I thought it best to get this book blog in before the inauguration of Barack Obama... sort of like closing one door before opening another.

I picked up State of Denial: Bush at War, Part III by Bob Woodward on the recommendations by numerous people I spoke with, both close friends and friends of friends, at the same time I picked up The Tipping Point. Both books seemed to be Zeitgeist around October 2007.

State of Denial is the third in Woodward's series on the George W. Bush administration and I was quiet interested to get into the book given the illustrious career of Bob Woodward. His style of writing definitely appeals to my appreciation for detail, in fact it is quite similar to Ron Suskind's writing as it is built on interviews and presented in a third-person omniscient narrative. Both The One Percent Doctrine and The Price of Loyalty make excellent supplemental reading to State of Denial. Combined, they provide quiet an interesting, almost 360 degree view on the George W. Bush administration.
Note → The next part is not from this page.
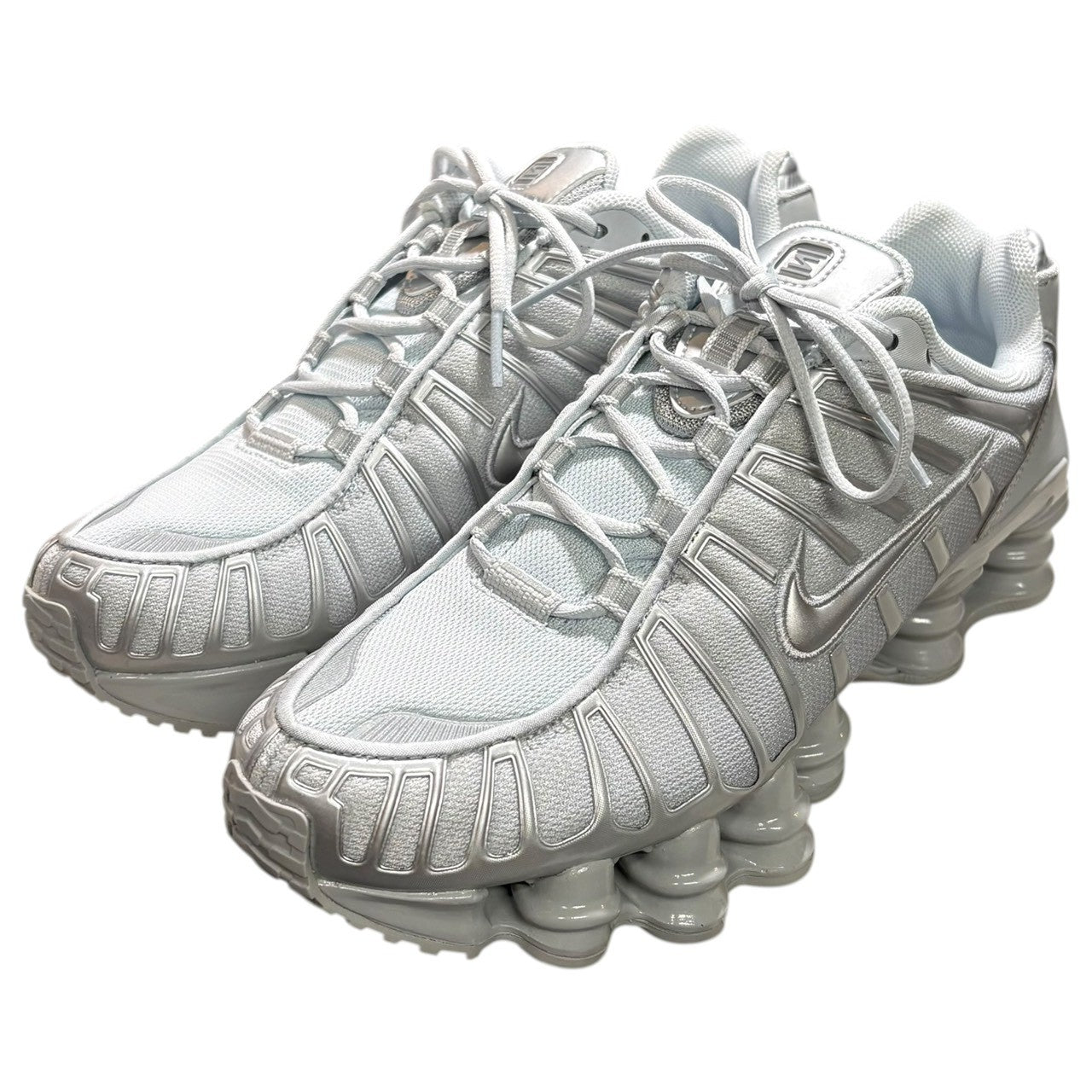 NIKE(ナイキ) Women's Shox TL "Pure Platinum/Smoke Grey/Metallic Silver ウィメンズ ショックス ピュアプラチナム スモークグレー メタリックシルバー IO1912-043 25.5cm グレー×シルバー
What is interesting is that Woodward seems to have come 180 degrees (or at least somewhat off the original course) on his opinion of the administration and I think this makes for a great perspective - it's initially neither sycophantic nor overly critical so you feel like you are on the journey with Bob as makes his discoveries and forms his opinions. For example, Woodward believed the Bush Administration's claims of Iraqi WMDs prior to the war, but during this book the truth unfolds. As a consequence, you get a feel for how the mistakes were made and you can appreciate both sides of the coin, so to speak.

Now, it would be fair to state this book appeals to my world views on George W. Bush, Dick Cheney, Condoleezza Rice & Donald Rumsfeld i.e. I think they have done terribly in executing their responsibilities of office and the results speak for themselves. Having said that, if you want a more balanced view on this book, check out MetaCritic.

Let's continue hoping that President-elect Barack Obama doesn't provide journalists with such material for books of this nature. I'd certainly recommend having a 'feel good' book queued up soon afterwards so you can get over your feelings of extreme frustration and disappointment quickly.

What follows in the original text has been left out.